# Oil level in Yanmar 2GM



## L124C (Oct 4, 2007)

I have a Yanmar 2GM. The manual calls for a little over 2 quarts of oil. The full mark on the dip stick is Probably a quart higher than two quarts would register. The PO's ran it at the two quart level. I called the Yanmar dealer hip and they wouldn't say anything without looking at the motor (of course). I've been running it at the higher level without a problem thinking that more oil (within limits) is better. Another guy with the same motor told me he does the same. I assume the mechanic who did the installation (replaced an A 4)probably determined the high mark and should have the last word. Thoughts?


----------



## Gary M (May 9, 2006)

I have a 2GM and my manual calls for 1.9 litres which is about 1.8 us quarts. Of course the correct amount could vary depending on when built and any factory changes to the pan etc.

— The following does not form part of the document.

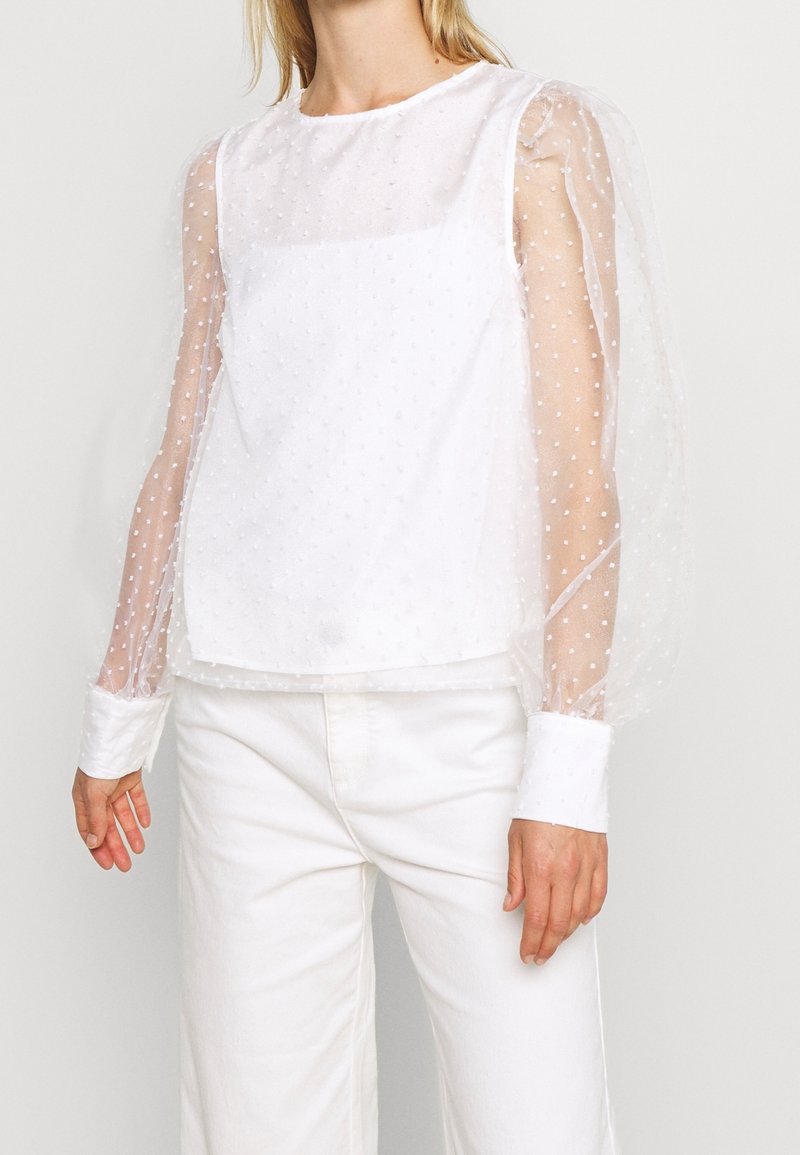 Femme portant un chemisier blanc avec des manches longues transparentes à pois et un pantalon blanc à jambes larges sur un fond clair uni.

It is definately not OK to run an engine with too much oil. I would confirm that you have the correct manual and then trust it. Your dip stick may not be the original one and therefore wrong.

Gary


----------



## Sanduskysailor (Aug 1, 2008)

At a diesel seminar last week the mechanic said that he would rather see the oil level near the bottom mark than the top. He noted that people with Yanmars tend to overfill them which causes problems.


----------



## JohnRPollard (Mar 26, 2007)

Go with the manual recommendation for oil quantity. 

It sounds like you may have the wrong dipstick, or your engine is installed with some inclination, or your boat trim is off (are you on the hard?).

My conversion formulas put 1.9 liters at slightly more than 2 U.S. quarts.

P.S. We had a 2GM20F in our previous boat, and at 2 qts it showed full on the dipstick.


----------



## Omatako (Sep 14, 2003)

I agree with Gary that it's not good to run with excess oil. Truth is, if you don't keep topping the oil up, it will burn down to the correct level quite quickly (and probably smoke more than you would like in the process).

I agree with John P that 1.9 litres is 2 US quarts and also second (or is that third) that the dipstick is probably not original or the tube cap has moved down the stick. When next you do an oil drain, put in the recommended 2 quarts and remark your dipstick at the known value.

Sandy, the guy who said that the oil is better too low than too high is not making allowances for motoring in heavy seas when the motor oscillates through a big enough angle to cause it to cavitate. Best keep the level where it belongs, it's not hard and it'll save some heartache.


----------



## denby (Feb 21, 2007)

I have a 2GM20F and it takes two quarts.


----------



## jason3317 (Dec 20, 2007)

It's a 2 qt crankcase fill. No more, no less.

The reason your dipstick misreads is due to installation angle....the oil pools higher towards the lower section of the pan. Or, as someone else suggested, you have the wrong dipstick....which is very, very, doubtful.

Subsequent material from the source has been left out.